* _WHAT TO WORK ON_: Transcribe, exactly and without pictures, the lines below from the line with "bronzen figuren, moderne" to the line with "LETTER A Cushion Pink/Duck Egg", both ends included, and no others.

* _SUPPLIED RECORDS_:
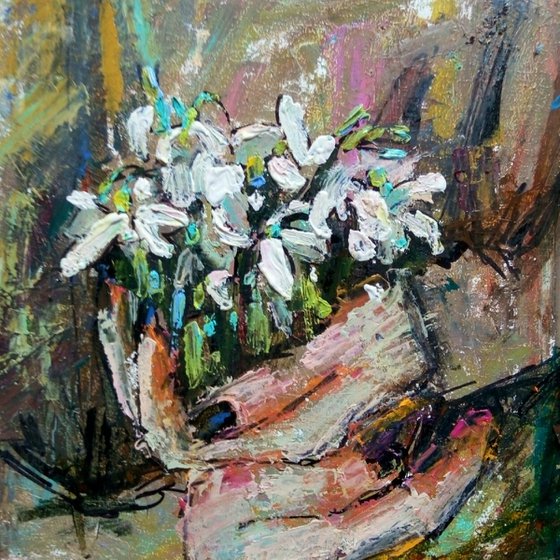 Snowdrops in hands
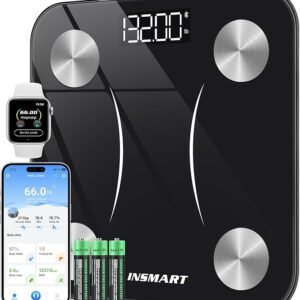 Bluetooth Body Fat Scales, INSMART Smart Digital Bathroom Weight Weighing Scales for Body Composition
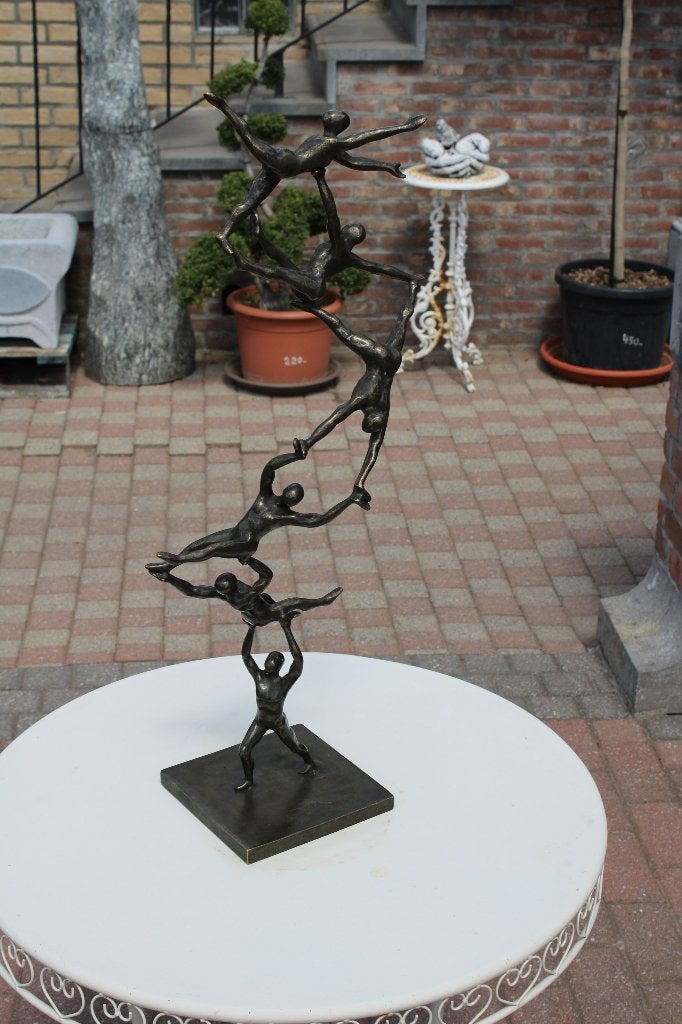 bronzen figuren, moderne kunst! Ondertekend BEN, Ophalen of Verzenden, Brons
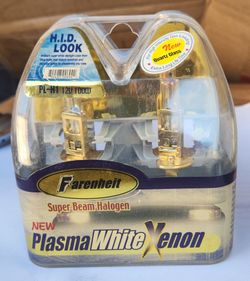 Farenheit PL-H1 Plasma White Xenon Halogen Fog Light  Bulbs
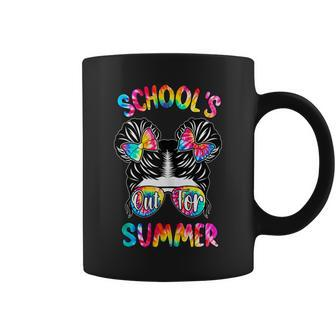 Messy Bun Girl Schools Out For Summer Graduation Teacher Coffee Mug | Mazezy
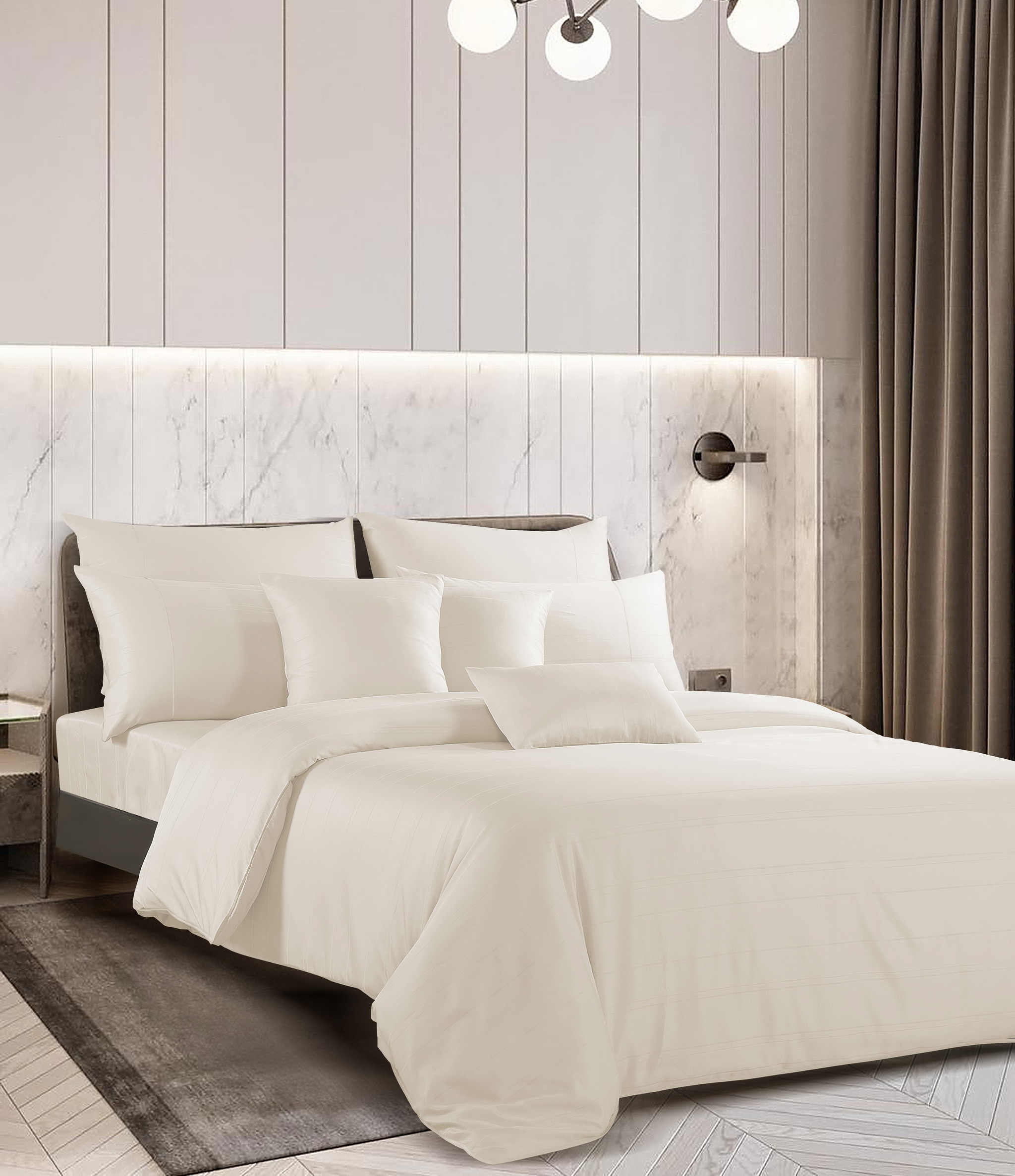 Bộ ga và Vỏ gối Akemi Tencel Touch Clarity, gồm 5 món  v2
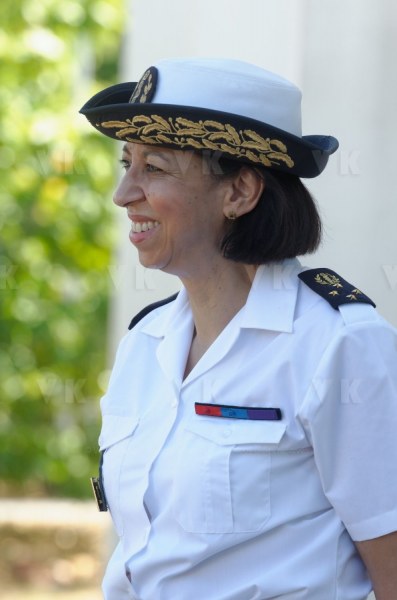 La directrice centrale du SSA au 2e RPIMa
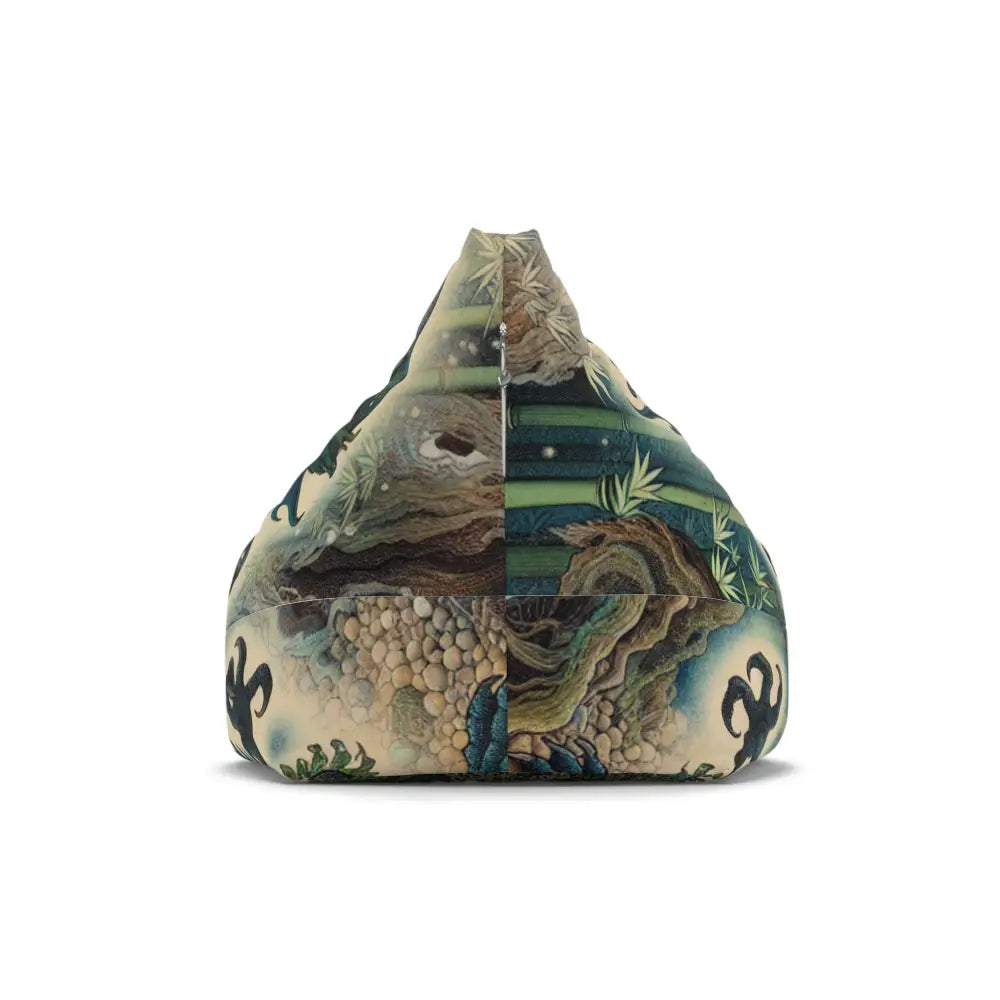 Bean Bag Chair Cover with Kappa Yokai Bamboo Forest Design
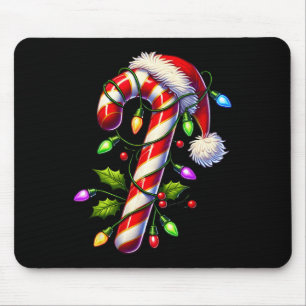 Candy Cane Crew Christmas Light Family Xmas Santa  Mouse Pad
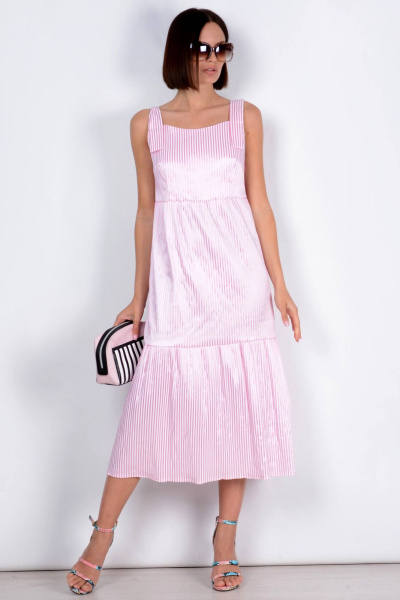 Платье Patriciа NY15339 белый,розовый - фото 1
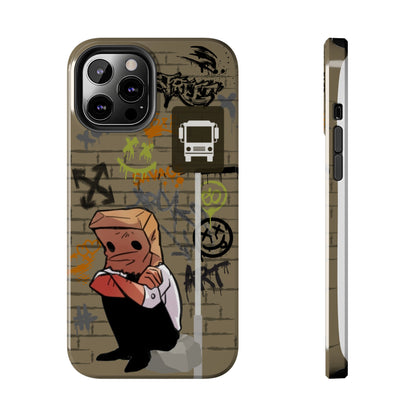 Paper Bag Man Graffiti Punk Aesthetic Retro Style iPhone Case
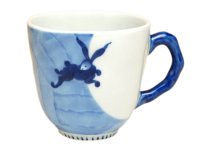 Mug Nagomi getto Rabbit (Blue)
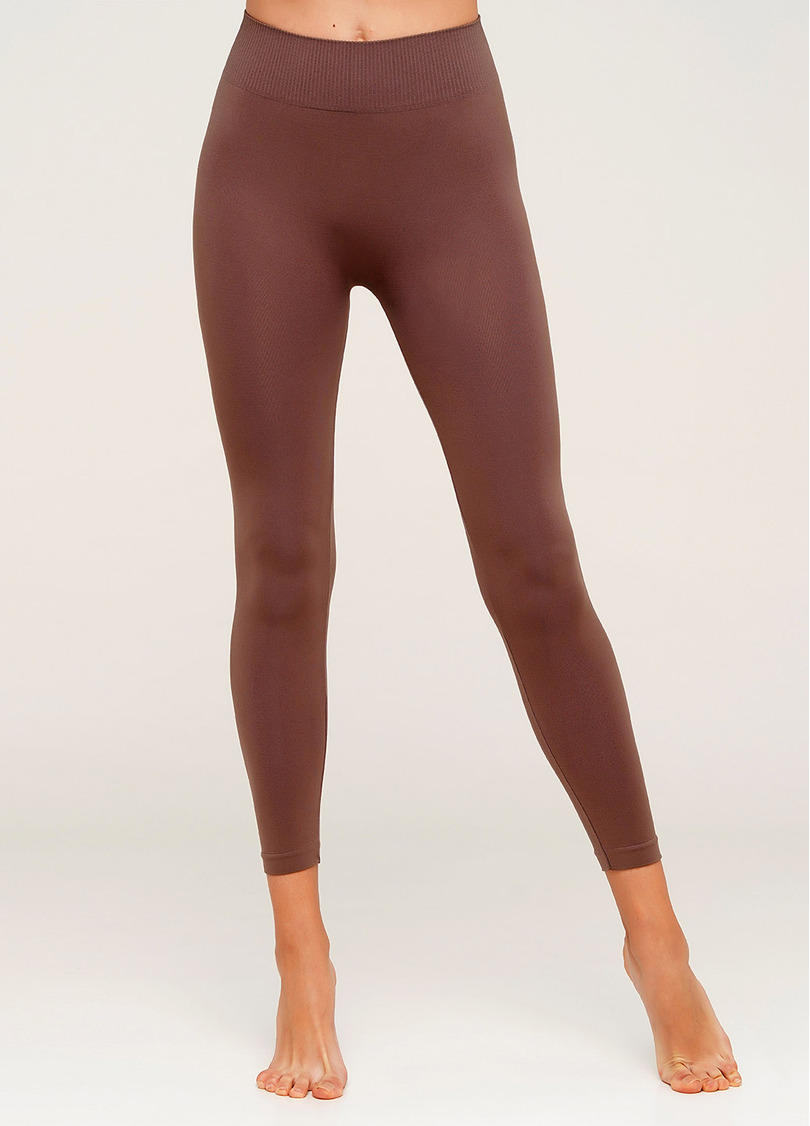 Бесшовные леггинсы для спорта LEGGINGS deep taupe (коричневый)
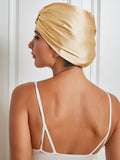 SilkSilky CA Pure Silk Sleep Cap Champagne 003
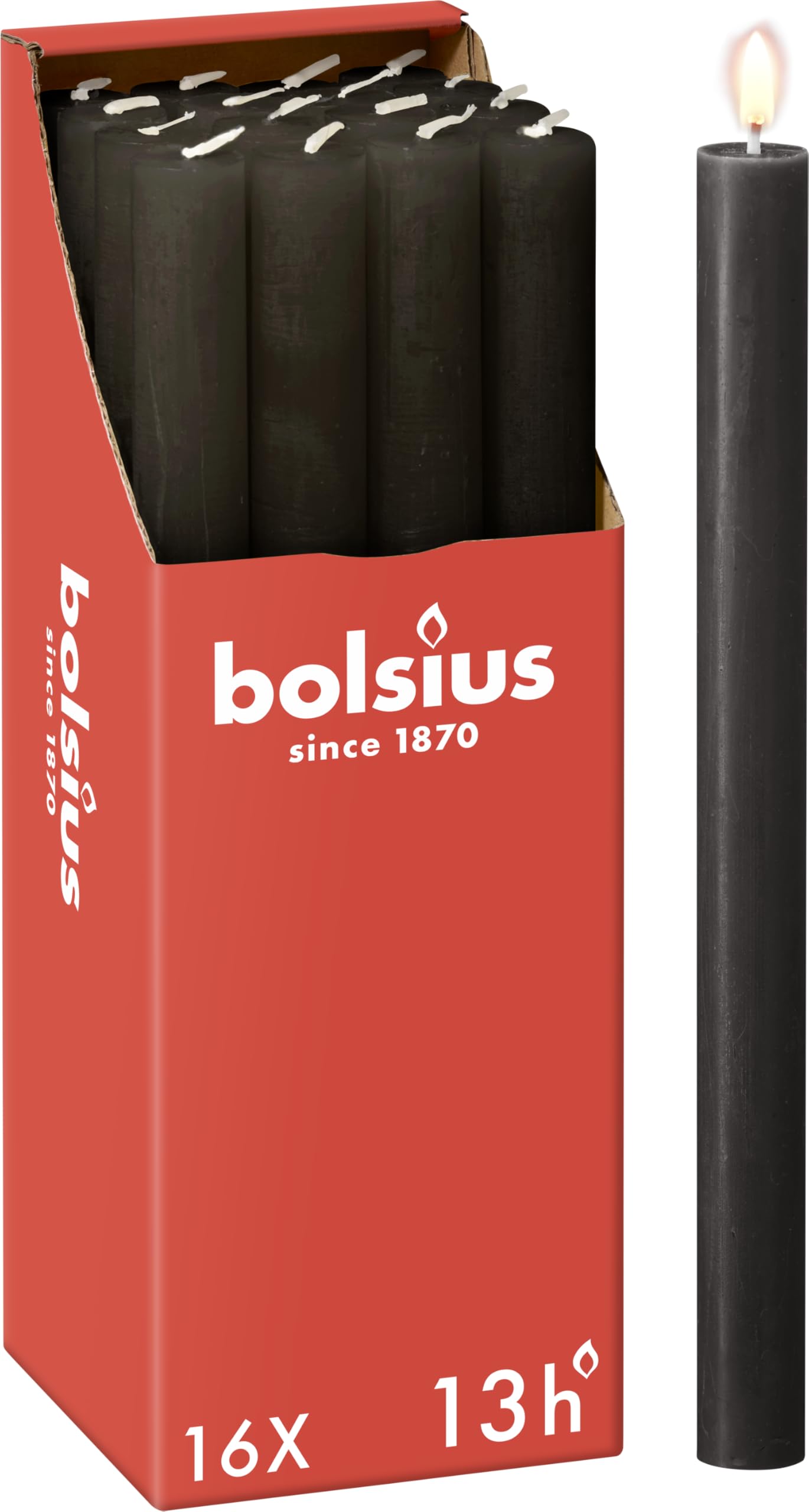 bolsius-bougies-rustiques-coniques-27-cm-ivoire-x16-13h image 7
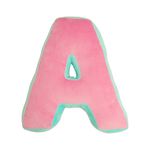 LETTER A Cushion Pink/Duck Egg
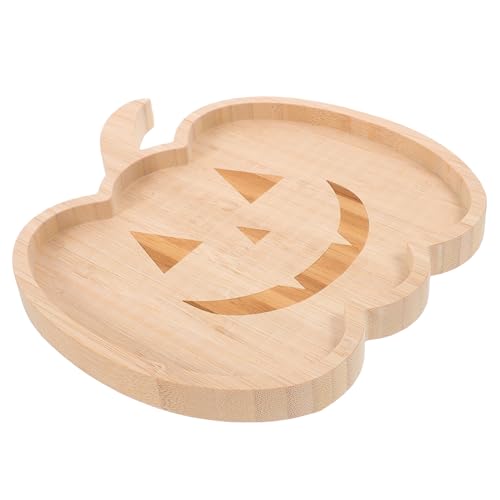 PRETYZOOM Halloween Snacktablett Kürbisform aus Holz Multifunktionale Servierplatte für Süßigkeiten Obst und Käse Langlebiges Holztablett Dekoratives Halloween Party Accessoire PRETYZOOM Halloween Snacktablett Kürbisform aus Holz Multifunktionale Servierplatte für Süßigkeiten Obst und Käse Langlebiges Holztablett Dekoratives Halloween Party Accessoire von PRETYZOOM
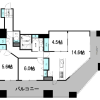 3LDK Apartment to Rent in Osaka-shi Minato-ku Floorplan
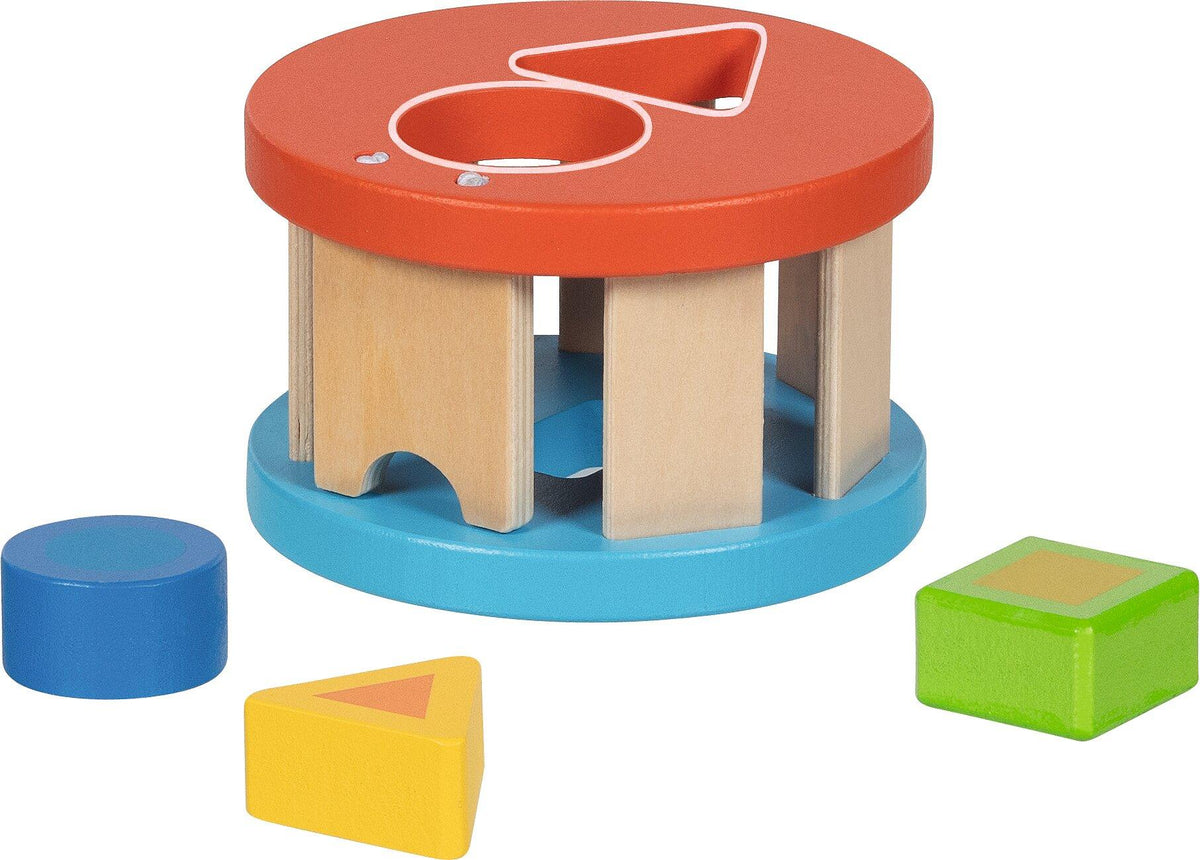 Runde Steckbox Rundolino aus Holz mit vier Teilen – weitere Ansicht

* _RESULT OF THIS TASK_:
 bronzen figuren, moderne kunst! Ondertekend BEN, Ophalen of Verzenden, Brons
 Farenheit PL-H1 Plasma White Xenon Halogen Fog Light  Bulbs
 Messy Bun Girl Schools Out For Summer Graduation Teacher Coffee Mug | Mazezy
 Bộ ga và Vỏ gối Akemi Tencel Touch Clarity, gồm 5 món  v2
 La directrice centrale du SSA au 2e RPIMa
 Bean Bag Chair Cover with Kappa Yokai Bamboo Forest Design
 Candy Cane Crew Christmas Light Family Xmas Santa  Mouse Pad
 Платье Patriciа NY15339 белый,розовый - фото 1
 Paper Bag Man Graffiti Punk Aesthetic Retro Style iPhone Case
 Mug Nagomi getto Rabbit (Blue)
 Бесшовные леггинсы для спорта LEGGINGS deep taupe (коричневый)
 SilkSilky CA Pure Silk Sleep Cap Champagne 003
 bolsius-bougies-rustiques-coniques-27-cm-ivoire-x16-13h image 7
 LETTER A Cushion Pink/Duck Egg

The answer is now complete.